White River Junction — Just weeks after town staff made a meticulously researched presentation on a looming parking crisis that could necessitate the need for a multimillion-dollar parking garage downtown, Selectman Mike Morris seems to have found an extra parking lot hiding in plain sight.

The town-owned plot of land that includes the former American Legion parking lot off South Main Street is far larger than had previously been supposed — 7.75 acres — and actually extends nearly all the way back to a mobile home park on Walsh Avenue.

While much of the land is on a hillside that would make development difficult, town officials now think that they can use a low retaining wall to create a new parking lot that could hold between 75 and 100 parking spots.

When they heard the news during a recent meeting, Selectboard members gave Morris a brief round of applause.

“If that could be developed, we could save two or three million dollars,” Selectboard Chairman Dick Grassi said.

Town staff members have described municipal-owned parking spaces as capped at 368.

In a September presentation to the Selectboard, a steering committee that was led by the Hartford Planning and Development Department recommended the town take various costly measures to cope with the parking pressure created by a spate of development in the downtown area. The presentation was part of a $20,000 study conducted by RSG and Vital Communities, and commissioned by the town.

Long-term recommendations included the building of a parking garage on the American Legion parking lot, and creating partnerships that would allow the public to make use of more than 600 privately owned parking spots in the vicinity.

Short-term recommendations included installing parking meters and a parking kiosk to help turn over prime parking spots on and along Main Street.

Town Manager Leo Pullar said the revelation about the town-owned property throws those recommendations into question.

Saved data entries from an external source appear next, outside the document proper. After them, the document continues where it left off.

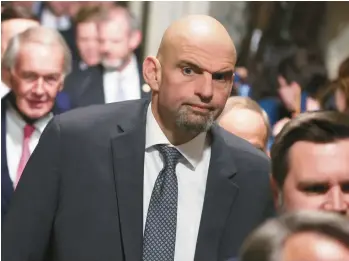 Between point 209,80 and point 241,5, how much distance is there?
1.01m

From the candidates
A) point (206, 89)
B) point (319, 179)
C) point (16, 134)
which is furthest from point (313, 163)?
point (16, 134)

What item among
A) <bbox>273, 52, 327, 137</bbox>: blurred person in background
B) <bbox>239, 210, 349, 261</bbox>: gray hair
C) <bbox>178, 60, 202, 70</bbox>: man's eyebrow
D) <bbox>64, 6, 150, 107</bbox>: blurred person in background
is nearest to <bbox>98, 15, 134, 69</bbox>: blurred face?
<bbox>64, 6, 150, 107</bbox>: blurred person in background

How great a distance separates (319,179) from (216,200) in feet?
1.12

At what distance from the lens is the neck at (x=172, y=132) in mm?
1358

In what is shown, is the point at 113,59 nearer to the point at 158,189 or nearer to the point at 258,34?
the point at 258,34

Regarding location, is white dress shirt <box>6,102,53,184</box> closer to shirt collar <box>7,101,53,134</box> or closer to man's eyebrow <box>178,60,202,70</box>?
shirt collar <box>7,101,53,134</box>

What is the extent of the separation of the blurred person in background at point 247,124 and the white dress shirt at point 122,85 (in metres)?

“I would say, without talking to anybody, that it changes the dynamic of the whole discussion,” Pullar said.

Pullar, who came to the town just last year, said he could not answer how the town overlooked the parcel in previous years.

The town purchased the land in 1947 for $16,000, but the size of the plot had never come up during years of analysis of the town’s parking resources.

“It makes you ask ‘why,’ ” he said. “I don’t disagree with that.”

Morris said that after hearing the presentation from the steering committee members, he drove to the downtown area to get a better feel for the problems that they described.

“I went down and looked around,” he said. “I remember as a kid, that was all a sand embankment. We used to climb up the embankment to see who could get the highest on it. I saw it and said, ‘I wonder how far back we own.’ ”

Morris put that question to Pullar, who this summer had undertaken his own effort to do a blanket assessment of the 108 town- and school-owned properties. So when Morris called him, Pullar was able to look up the boundaries of the property on an entry in a three-ring binder on his desk.

Pullar next walked the property with Highway Superintendent Allyn Ricker, and said that their initial assessment suggests that Morris is on to something.

“That’s quite a savings,” Pullar said. “It’s not a big monolithic parking garage.”

The development could take some small amount of pressure off of the town’s budget talks, which kicked off recently with a long list of capital improvements that department heads have presented for evaluation and review.

Pullar said that the next step will be to test the soil at the South Main Street property to see whether there are contamination concerns that would hinder development.

If all goes well, he said, the town could prepare the site next summer, and lay asphalt next fall.

Pullar said Morris’ solution for the parking conundrum might prove the value of the oft-used maxim that problems can be solved by thinking outside of the box.

“I think we just maybe didn’t have the aperture open wide enough to see that in the past,” he said. “That wasn’t the task. The task wasn’t to find more parking, but to help solve this parking problem. We probably took a narrow view.”